Handle lazy loading images in url2epub, once and for all

2023-05-07

url2epub is a Go library I wrote to generate readable HTML (by stripping out unnecessary html elements), and also epub files, from URLs. I also wrote a Telegram bot using the library that can send the generated epub file into my reMarkable cloud account directly. This is my own alternative to Pocket/Instapaper/ReadItLater to send links to my reMarkable 2 to read later.

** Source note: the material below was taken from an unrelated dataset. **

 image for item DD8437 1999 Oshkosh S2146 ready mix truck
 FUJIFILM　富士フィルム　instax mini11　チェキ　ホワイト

The lazy loading images problem

Since an epub file is basically a zip archive containing the html and resource files (mainly images), it’s essential to figure out what are the image files to be packed into the epub file. Also since reMarkable 2 only has a monochrome e-ink display, there’s no reason to keep the original colors, and url2epub also has the ability to convert the images to grayscale before packing (fun fact: I learnt how huge the visual differences are between 8-bit and 16-bit grayscale colors on reMarkable 2).

Here comes the problem making this hard: Quite a few websites use lazy loading images.

Lazy loading images are the images that only use a placeholder in the src attribute in the img nodes, and then use javascript to load the real image later and replace the placeholder, to make the page seems to load faster.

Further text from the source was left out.